Мурка, Маруся Климова - Берсенева Анна. Страница 83
– В графе «Отец» прочерк ставим, – с каким-то даже удовольствием сказала регистраторша. – И о чем вы только думали, не понимаю! Отчество какое писать?
– Константинович.
– Как у вас?
– Да.
– Фамилию не спрашиваю. Поскольку вы мать-одиночка, а отцовство не признано и не установлено судом, можно только вашу. Значит, Ермолов Сергей Константинович, так и записываем.
В пять лет Сережа решительно взял у мамы из рук сумку в магазине, куда они зашли по дороге из детского сада.
– Сереженька, она для тебя тяжелая, – попыталась возразить Тоня. – Смотри, мы же и сахар купили, и хлеб, и крупу.
– А тебе нельзя сумки носить, – заявил он.
– Почему же мне нельзя? Кто тебе такое сказал? – удивилась Тоня.
– Тетя Иришка сказала, что у тебя сердце болит. И женщине вообще нельзя поднимать ничего тяжелее сигареты.

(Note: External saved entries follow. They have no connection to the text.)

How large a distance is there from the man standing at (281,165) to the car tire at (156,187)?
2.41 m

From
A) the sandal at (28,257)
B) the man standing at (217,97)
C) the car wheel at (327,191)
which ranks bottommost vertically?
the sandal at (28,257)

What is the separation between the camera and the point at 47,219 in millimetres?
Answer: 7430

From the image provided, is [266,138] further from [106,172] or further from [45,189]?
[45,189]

– Это тебе тоже Иришка сказала? – засмеялась Тоня.
– Без меня больше в магазин не ходи, – сказал он. И пригрозил: – А то ничего есть не буду.
Иришка долго хохотала, узнав, какие последствия имели слова, которые она как сказала однажды Сереженьке, так тут же и забыла.

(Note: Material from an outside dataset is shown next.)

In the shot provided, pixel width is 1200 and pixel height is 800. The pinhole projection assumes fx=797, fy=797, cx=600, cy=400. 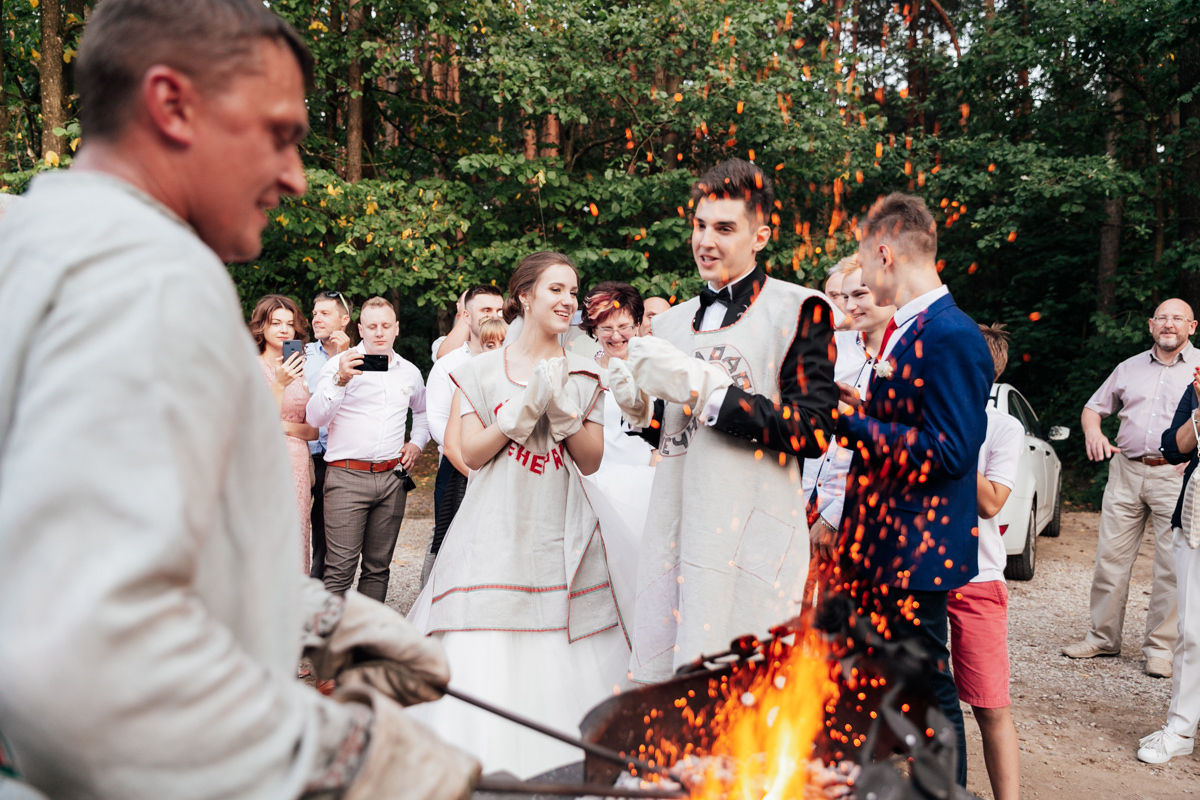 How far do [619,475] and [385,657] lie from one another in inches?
116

– Вот повезет кому-то! – сказала она, отсмеявшись. – Тонечка, будешь ревновать, когда он женится, а?
– Не буду, – улыбнулась Тоня.
– А вдруг ему мымра попадется?
– Ему не попадется.
– И то верно, – не стала спорить Иришка. – Он у тебя такой взрослый. Даже страшновато.
Тоню вовсе не страшила эта очевидная, так всех удивляющая взрослость ее маленького сына, как не страшила и перспектива его будущей женитьбы. У него и сейчас была отдельная, совсем для нее закрытая жизнь, но в этой своей отдельной жизни он всегда помнил о том, что ей нельзя волноваться и поднимать тяжести, и она знала: так будет и после того, как в его жизни станет главной какая-то женщина, которой он отдаст свое сердце. Оно все равно не принадлежало ей, его сердце, это Тоня тоже знала, и это никогда не обижало ее. Она даже почти радовалась такой его отдельности от нее. В этом была надежда на то, что ее неспособность к счастью никогда не передастся сыну.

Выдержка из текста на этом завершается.